Record set:
'''

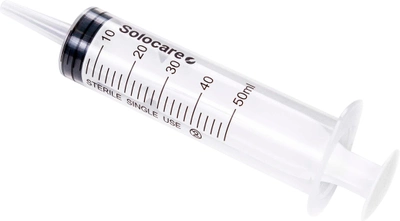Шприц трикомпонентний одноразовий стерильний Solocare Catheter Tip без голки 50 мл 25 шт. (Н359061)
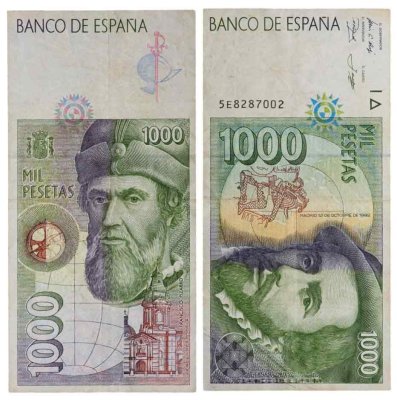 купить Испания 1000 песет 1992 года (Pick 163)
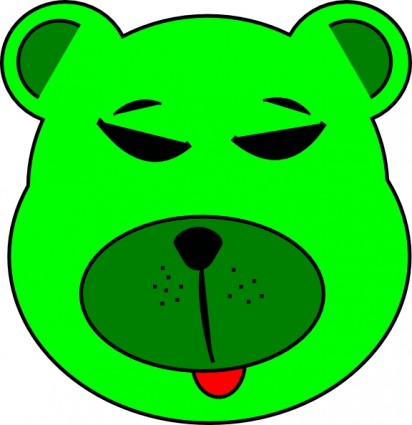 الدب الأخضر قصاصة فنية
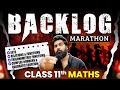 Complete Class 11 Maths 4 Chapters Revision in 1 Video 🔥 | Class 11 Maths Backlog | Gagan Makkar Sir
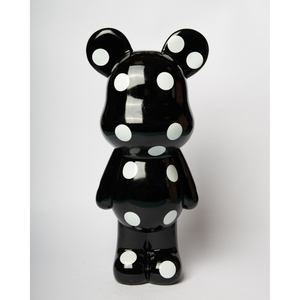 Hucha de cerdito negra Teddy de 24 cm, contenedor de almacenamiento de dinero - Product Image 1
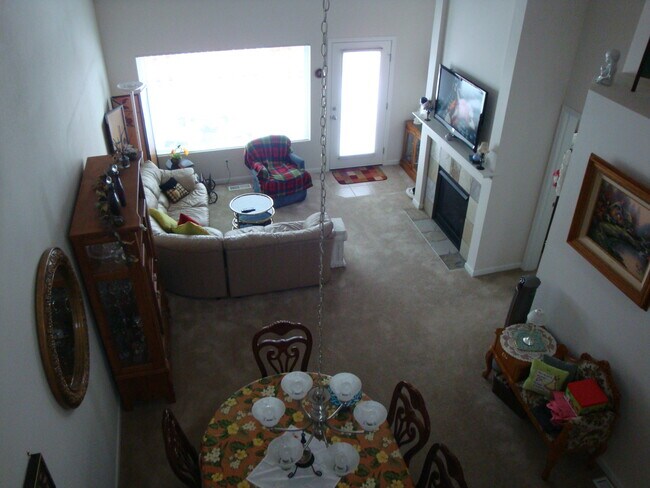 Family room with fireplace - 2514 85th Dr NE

'''
'''

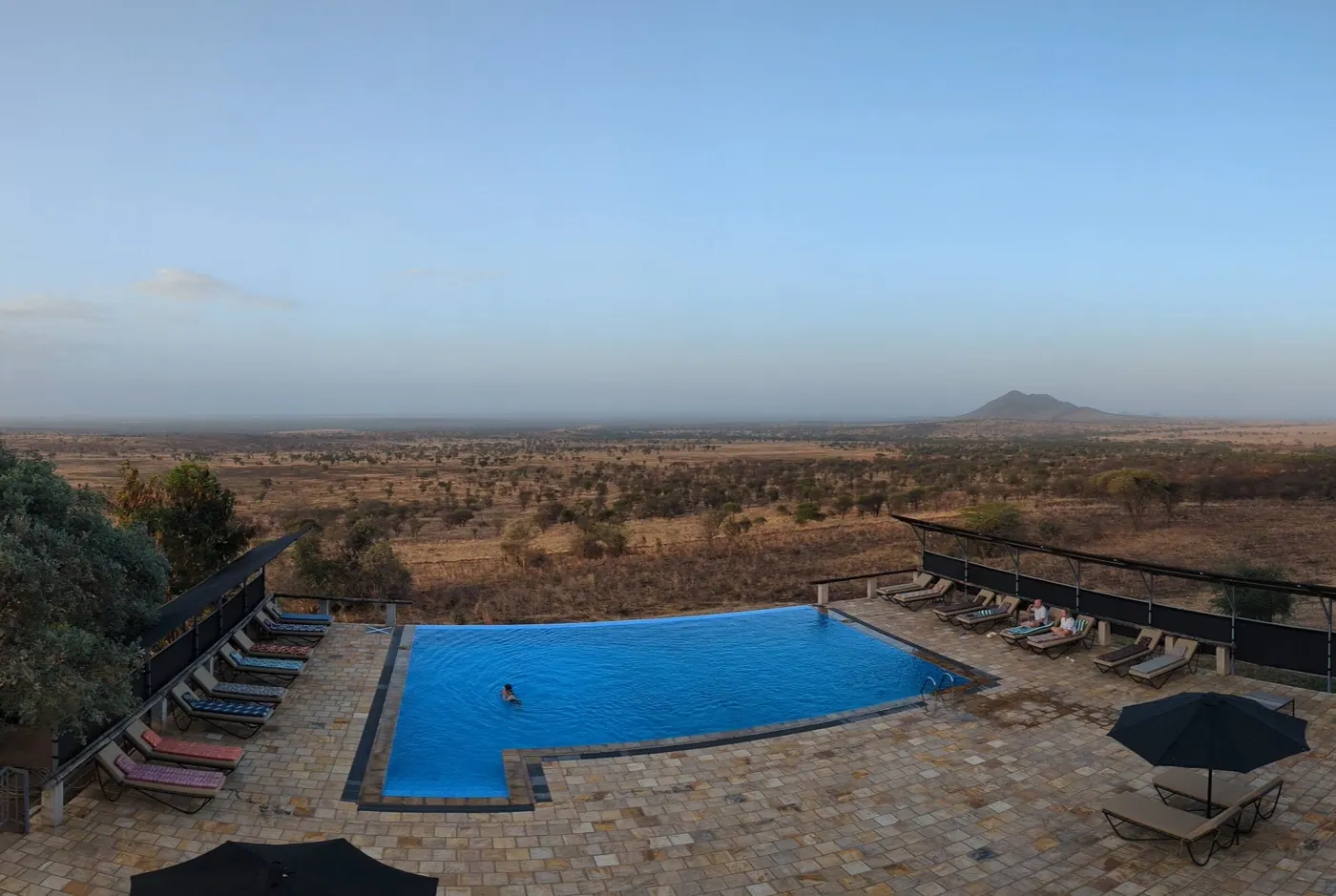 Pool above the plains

'''

Exercise goal: What are the lines above from the one with "Шприц трикомпонентний одноразовий" to the one with "Complete Class 11", both included? Reproduce them exactly, without pictures.

Solved exercise:
Шприц трикомпонентний одноразовий стерильний Solocare Catheter Tip без голки 50 мл 25 шт. (Н359061)
 купить Испания 1000 песет 1992 года (Pick 163)
 الدب الأخضر قصاصة فنية
 Complete Class 11 Maths 4 Chapters Revision in 1 Video 🔥 | Class 11 Maths Backlog | Gagan Makkar Sir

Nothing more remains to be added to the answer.